Too often they think maybe the same company will hire them back.
Well, it could happen. After all, you were laid off because there was a shortage of work at your company and you haven't been hired elsewhere because there's a shortage of work in the entire industry. You reason that surely when the economy picks up, your company will need someone like you again, and who better than the proven succes: you!
Or perhaps you're thinking that they made a mistake when they let you go; soon they will recongize that mistake and bring you back!
Forget it. Buy a lottery ticket instead. I'm not saying people never rehire the ones they laid off, but it's damn rare.

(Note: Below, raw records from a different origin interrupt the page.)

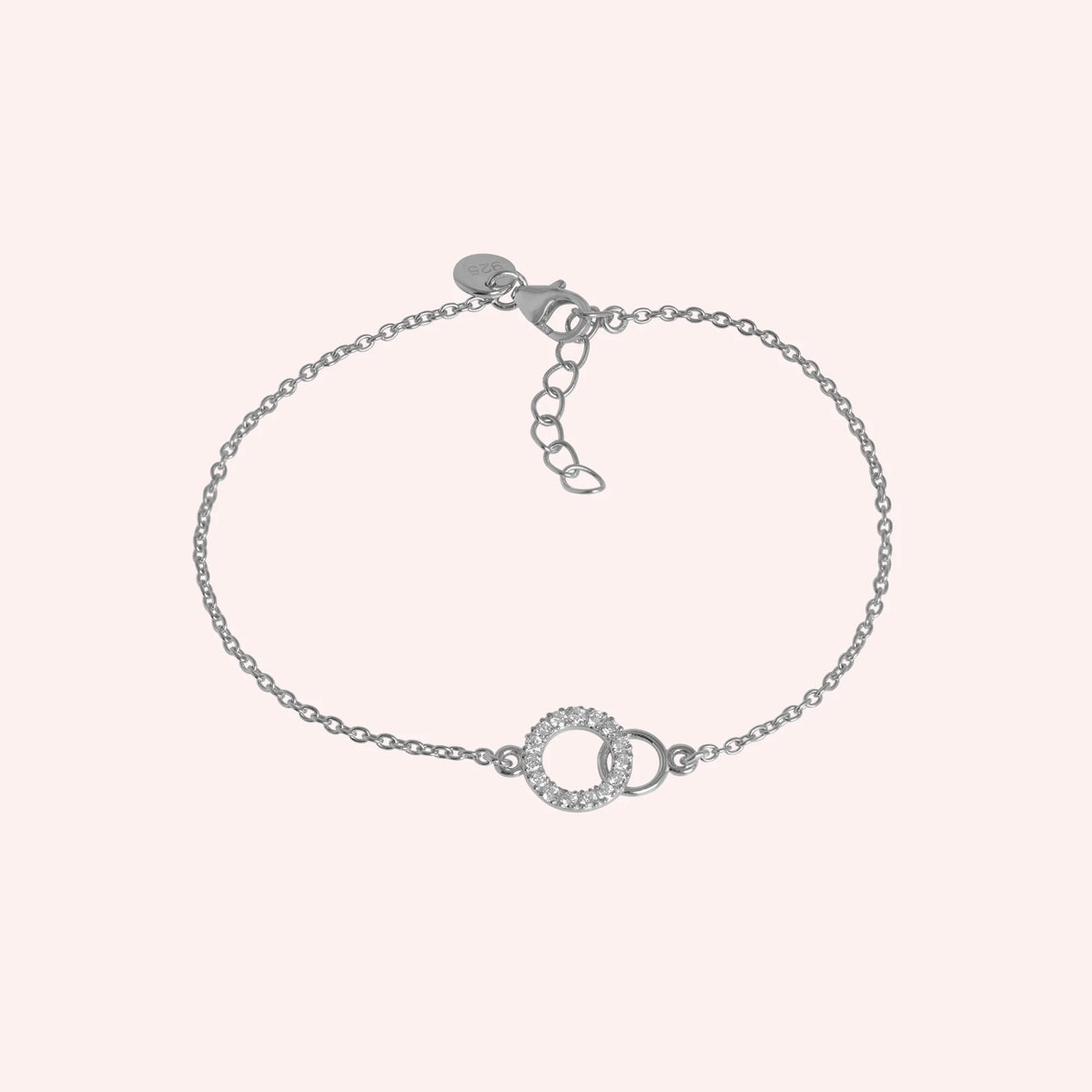 Stone_bracelet_in_sterling_silver_in_an_interlocking_design_at_front_angle_view_on_solid_pink_background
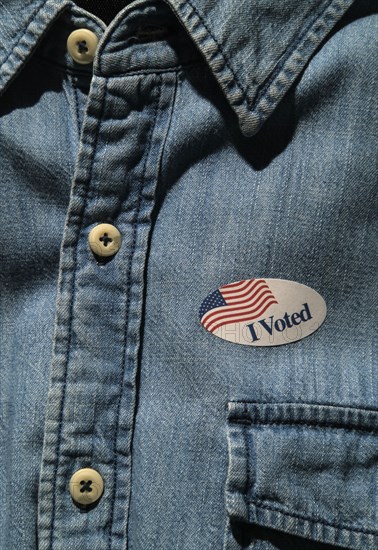 Close-up of I voted sticker on denim shirt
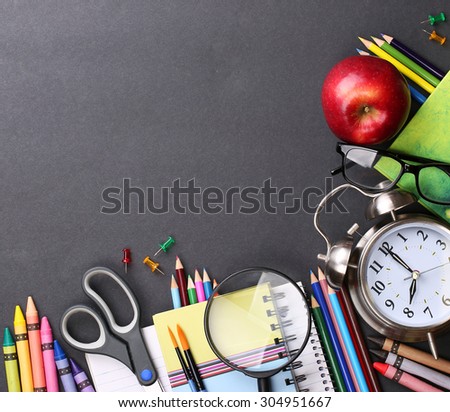 Books, apple, alarm clock and pencils on black board background. Back to school concept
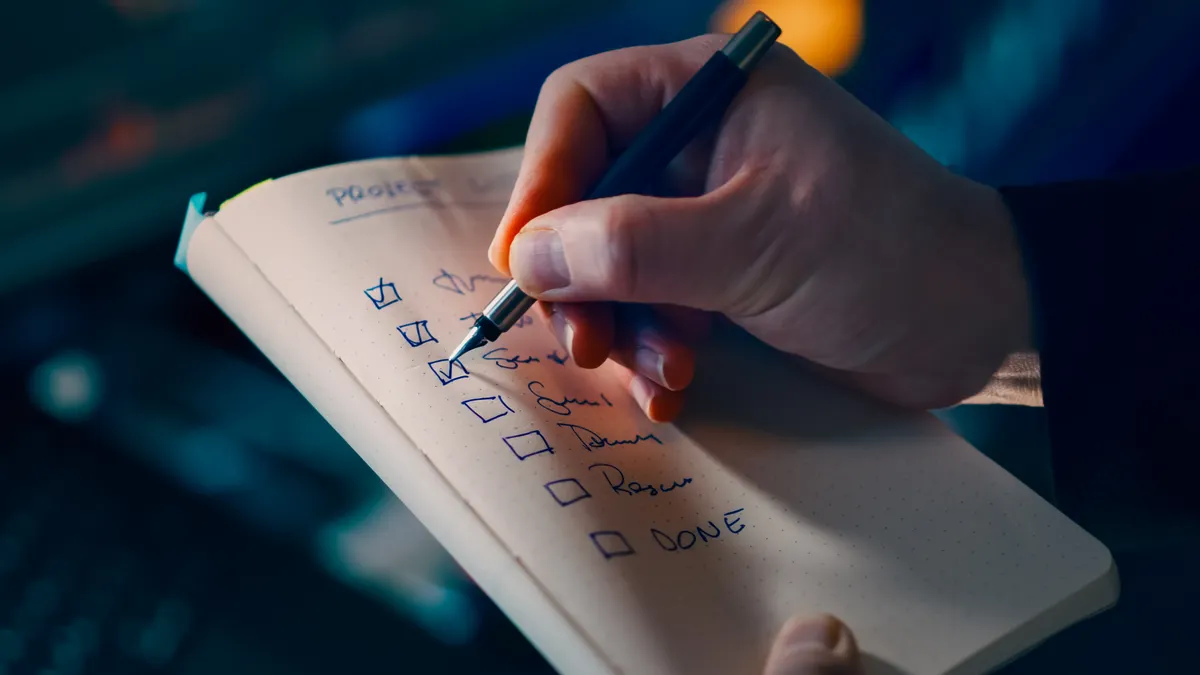Hand checking items on a written checklist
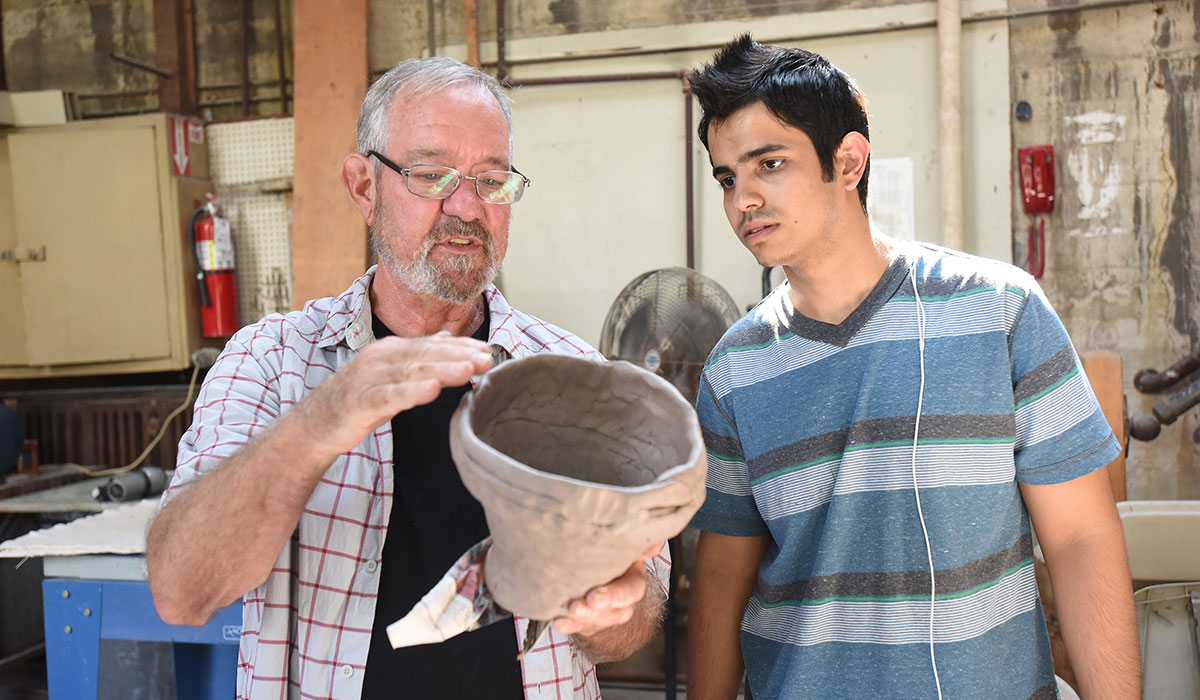 Ceramics teacher and student looking at pot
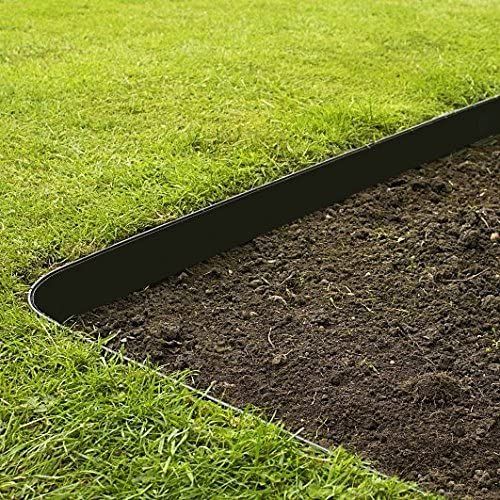 a garden bed in the middle of some grass with dirt on it and a shovel laying next to it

I've seen both sides of the fence. When I was with Coleco, we went through an extended cycle of hiring, laying off, and then discoveing that management had screwed up and we needed more help. There were times when I was consulted as to rehiring staff that had been laid off; coupling that to my more recent experience with being laid off leads to a few thoughts you may apply to your own situation:
- You were laid off because you were less valuable to the company than every other person that they kept.
- If company politics had anything to do with your layoff ... you lost. Or your boss lost, and throwing you overboard was distasteful but necessary. Do you think your boss wants you back as a reminder?
- You know something in your gut that every person still working there does not know: those bastards will let you go when they screw up. Do you really think they want your former co-workers to learn that?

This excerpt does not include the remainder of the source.